How Standard Can You Be? That being the case, is there now or will there soon be one standard piece of off-the-shelf equipment automakers can quickly plug in and ramp up? “Not right now,” says Brown, who adds, “But there are elements of standardization that have gotten us a lot closer in the last few years.” He cites his company’s work with Ford on standardizing engine and transmission facilities as an example of how far the process has come. Ford is arguably the most aggressive proponent of standardization of powertrain assembly lines in the industry. Its strategy calls for plants to essentially be carbon copies of each other: same layout, same processes, same equipment. “We try to develop tooling such that we don’t care if a line is running a four-cylinder, six cylinder or V-8 engine,” says Brown. “We want to take out all of those elements that would traditionally drive us toward dedicated machines and isolate the end tooling as the only truly dedicated tooling.”

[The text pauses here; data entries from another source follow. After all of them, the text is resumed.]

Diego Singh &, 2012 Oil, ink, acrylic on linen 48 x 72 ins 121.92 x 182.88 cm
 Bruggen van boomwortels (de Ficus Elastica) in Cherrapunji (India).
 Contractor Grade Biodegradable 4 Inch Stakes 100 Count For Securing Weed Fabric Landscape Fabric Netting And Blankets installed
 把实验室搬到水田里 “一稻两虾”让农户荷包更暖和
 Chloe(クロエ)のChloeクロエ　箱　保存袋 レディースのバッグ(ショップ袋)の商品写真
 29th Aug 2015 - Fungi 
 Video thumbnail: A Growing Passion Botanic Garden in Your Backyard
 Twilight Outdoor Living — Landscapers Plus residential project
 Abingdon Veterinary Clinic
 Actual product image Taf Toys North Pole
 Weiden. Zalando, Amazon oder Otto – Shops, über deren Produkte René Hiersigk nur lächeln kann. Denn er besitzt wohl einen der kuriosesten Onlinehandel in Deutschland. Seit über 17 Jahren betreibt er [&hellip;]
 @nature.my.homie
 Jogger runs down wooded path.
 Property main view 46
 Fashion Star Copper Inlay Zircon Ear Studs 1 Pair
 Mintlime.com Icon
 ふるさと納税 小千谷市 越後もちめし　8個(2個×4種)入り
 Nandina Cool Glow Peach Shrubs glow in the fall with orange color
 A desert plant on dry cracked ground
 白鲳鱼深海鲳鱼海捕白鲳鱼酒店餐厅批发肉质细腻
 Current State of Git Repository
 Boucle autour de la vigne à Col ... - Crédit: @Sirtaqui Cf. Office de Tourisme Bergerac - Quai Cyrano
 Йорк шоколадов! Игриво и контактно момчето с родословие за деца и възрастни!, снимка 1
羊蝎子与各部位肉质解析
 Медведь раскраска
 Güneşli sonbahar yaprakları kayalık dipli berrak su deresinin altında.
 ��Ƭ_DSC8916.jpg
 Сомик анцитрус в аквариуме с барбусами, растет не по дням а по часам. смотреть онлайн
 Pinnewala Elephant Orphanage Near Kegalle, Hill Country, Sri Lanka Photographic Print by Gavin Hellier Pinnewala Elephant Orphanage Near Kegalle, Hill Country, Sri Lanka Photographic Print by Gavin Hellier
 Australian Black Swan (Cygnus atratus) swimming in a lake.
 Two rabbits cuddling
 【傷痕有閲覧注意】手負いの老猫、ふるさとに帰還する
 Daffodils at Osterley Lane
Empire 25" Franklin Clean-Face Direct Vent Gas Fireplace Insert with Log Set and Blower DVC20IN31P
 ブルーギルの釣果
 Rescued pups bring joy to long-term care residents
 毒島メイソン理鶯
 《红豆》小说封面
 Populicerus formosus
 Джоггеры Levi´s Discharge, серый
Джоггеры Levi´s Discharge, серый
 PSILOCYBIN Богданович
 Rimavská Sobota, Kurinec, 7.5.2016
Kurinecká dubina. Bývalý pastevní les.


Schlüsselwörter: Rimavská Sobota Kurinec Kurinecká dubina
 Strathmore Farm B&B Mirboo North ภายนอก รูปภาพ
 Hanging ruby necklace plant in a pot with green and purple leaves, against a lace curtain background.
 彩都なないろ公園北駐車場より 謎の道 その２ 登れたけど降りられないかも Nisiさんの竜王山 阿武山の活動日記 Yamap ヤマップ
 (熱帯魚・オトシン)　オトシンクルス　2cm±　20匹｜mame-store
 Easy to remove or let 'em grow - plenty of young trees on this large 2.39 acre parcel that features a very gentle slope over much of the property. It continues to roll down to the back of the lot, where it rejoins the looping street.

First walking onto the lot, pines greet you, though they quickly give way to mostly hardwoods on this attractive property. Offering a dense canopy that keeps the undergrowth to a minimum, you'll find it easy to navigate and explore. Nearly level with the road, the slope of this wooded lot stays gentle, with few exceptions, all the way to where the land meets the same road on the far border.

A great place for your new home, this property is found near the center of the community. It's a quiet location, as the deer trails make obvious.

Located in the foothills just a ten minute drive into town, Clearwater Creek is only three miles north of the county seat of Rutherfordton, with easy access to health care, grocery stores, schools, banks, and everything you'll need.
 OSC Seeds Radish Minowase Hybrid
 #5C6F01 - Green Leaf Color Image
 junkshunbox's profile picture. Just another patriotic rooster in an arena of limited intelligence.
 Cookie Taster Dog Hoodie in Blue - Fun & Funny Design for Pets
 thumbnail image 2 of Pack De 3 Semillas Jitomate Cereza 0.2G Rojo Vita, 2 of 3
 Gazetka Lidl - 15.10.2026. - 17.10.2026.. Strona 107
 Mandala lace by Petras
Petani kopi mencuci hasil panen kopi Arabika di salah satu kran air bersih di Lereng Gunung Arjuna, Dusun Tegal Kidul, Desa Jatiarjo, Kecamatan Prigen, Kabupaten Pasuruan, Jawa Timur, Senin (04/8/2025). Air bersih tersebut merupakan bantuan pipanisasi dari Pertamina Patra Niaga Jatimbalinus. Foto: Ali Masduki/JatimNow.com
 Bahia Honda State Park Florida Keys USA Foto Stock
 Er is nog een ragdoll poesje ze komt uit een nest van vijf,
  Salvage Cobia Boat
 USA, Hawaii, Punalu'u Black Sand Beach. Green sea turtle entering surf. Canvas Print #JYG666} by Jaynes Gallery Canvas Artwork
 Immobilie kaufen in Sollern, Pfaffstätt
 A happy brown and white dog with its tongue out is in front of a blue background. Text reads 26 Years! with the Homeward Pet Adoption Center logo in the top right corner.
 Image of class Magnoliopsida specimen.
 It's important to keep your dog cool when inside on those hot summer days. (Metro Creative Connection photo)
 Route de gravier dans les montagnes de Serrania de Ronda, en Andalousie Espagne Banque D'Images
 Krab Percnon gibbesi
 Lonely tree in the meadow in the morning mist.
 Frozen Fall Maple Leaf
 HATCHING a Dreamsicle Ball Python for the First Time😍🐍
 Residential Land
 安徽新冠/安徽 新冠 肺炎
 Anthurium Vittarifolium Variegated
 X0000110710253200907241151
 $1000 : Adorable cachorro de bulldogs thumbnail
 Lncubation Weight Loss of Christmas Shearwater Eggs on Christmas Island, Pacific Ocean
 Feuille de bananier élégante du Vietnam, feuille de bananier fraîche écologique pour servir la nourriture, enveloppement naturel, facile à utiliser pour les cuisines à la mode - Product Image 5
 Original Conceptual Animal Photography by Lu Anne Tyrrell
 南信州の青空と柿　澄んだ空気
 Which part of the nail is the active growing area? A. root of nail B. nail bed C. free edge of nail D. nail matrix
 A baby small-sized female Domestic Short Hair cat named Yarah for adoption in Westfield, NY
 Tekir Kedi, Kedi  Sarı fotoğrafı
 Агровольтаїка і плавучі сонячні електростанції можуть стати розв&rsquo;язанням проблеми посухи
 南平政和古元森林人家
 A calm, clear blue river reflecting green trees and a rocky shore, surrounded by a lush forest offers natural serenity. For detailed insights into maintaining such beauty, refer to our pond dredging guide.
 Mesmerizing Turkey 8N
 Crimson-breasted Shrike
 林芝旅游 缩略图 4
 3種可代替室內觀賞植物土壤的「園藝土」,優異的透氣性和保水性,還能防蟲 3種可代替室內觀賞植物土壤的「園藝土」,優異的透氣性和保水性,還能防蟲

Much of that can be accomplished today. Electrical panels, human machine interface (HMI) design, guarding, cabling, conveyors and pallets can easily be made common across many lines. Components like cylinders and valves now adhere to a common standard that allows equipment makers to design common mounting fixtures and replace parts based on price and availability, not a supplier’s proprietary design. And even robot programming software, while not entirely interchangeable, has adopted enough similar user-friendly programming features that a de facto standard exists. Beyond that, suppliers are sometimes willing to commonize more sophisticated components with their competitors–for an important enough customer. For example, when Toyota Motor Manufacturing Kentucky (TMMK) installed its Global Body Line (itself part of a new worldwide standard, thus the name) it persuaded robot makers Kawasaki and Nachi to standardize their teaching pendant designs, which according to Pat D’Eramo, general manager, Body Operations, TMMK, slashed training time (the previous line had up to 20 different pendants) and made it a lot easier to rotate operators from station to station.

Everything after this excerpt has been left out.